The species of this genus are tropical epiphytes with a pendent or erect habit. The leaves may be terete or broad. Both types of leaves may occur on the same specimen, as some species exhibit leaf polymorphy. Three species have blue flowers, but other colours, such as pink and white also occur.

==Cytology==
The diploid chromosome count is 2n = 38.

==Etymology==
The generic name is derived from the Greek kleistos meaning closed, as well as kentron meaning spur. The name relates to the morphology of the spurred labellum.

==Ecology==
===Pollination===
There have been reports of pollination or visitation by ants, which was observed during field expeditions in Borneo.

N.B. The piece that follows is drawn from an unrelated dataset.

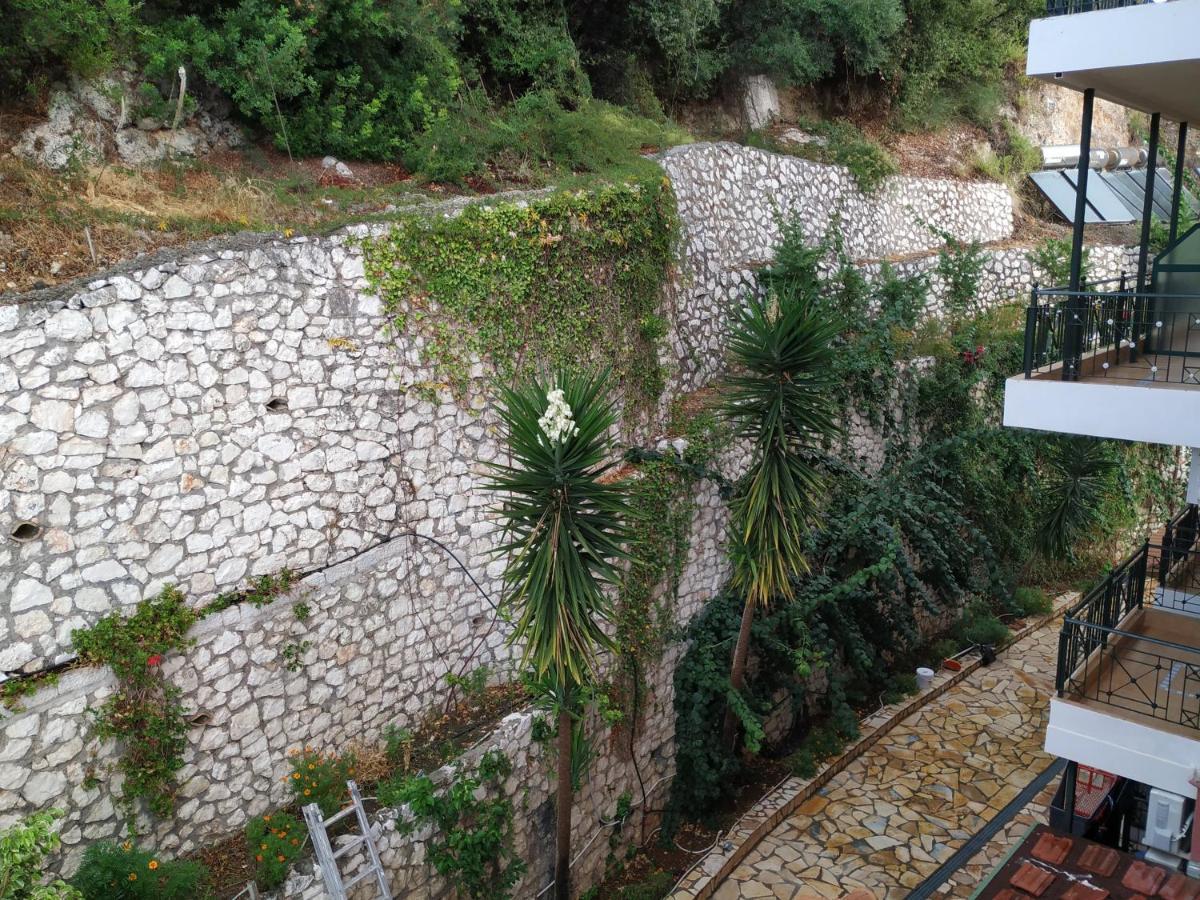 Katerina Lefkada Apart Otel 3*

Alternatively, there have been speculations, that the nectariferous flowers are pollinated by butterflies.

==Taxonomy==
It was published by Paul Johannes Brühl in 1926 with Cleisocentron trichromum (Rchb. f.) Brühl as the type species.
=== Species ===
Eight species are currently recognized:
- Cleisocentron abasii Cavestro - Sabah
- Cleisocentron gokusingii J.J.Wood & A.L.Lamb - Sabah
- Cleisocentron kinabaluense Metusala & J.J.Wood - Sabah
- Cleisocentron klossii (Ridl.) Garay - Vietnam
- Cleisocentron malipoense (Z.J.Liu & L.J.Chen) R.Rice - Malipo, Yunnan, China
- Cleisocentron merrillianum (Ames) Christenson - Sabah
- Cleisocentron neglectum M.J.Mathew & J.Mathew - India (Karnataka)
- Cleisocentron pallens (Cathcart ex Lindl.) N.Pearce & P.J.Cribb - eastern Himalayas (Sikkim, Bhutan, Assam, India)

=== Formerly included species ===
- Cleisocentron collettianum (King & Pantl.) Garay is now considered a synonym of Robiquetia pachyphylla (Rchb.f.) Garay.

==Horticulture==
Cleisocentron is rarely found in cultivation. However, they are easy to cultivate. Numerous intergeneric hybrids with Cleisocentron have been described.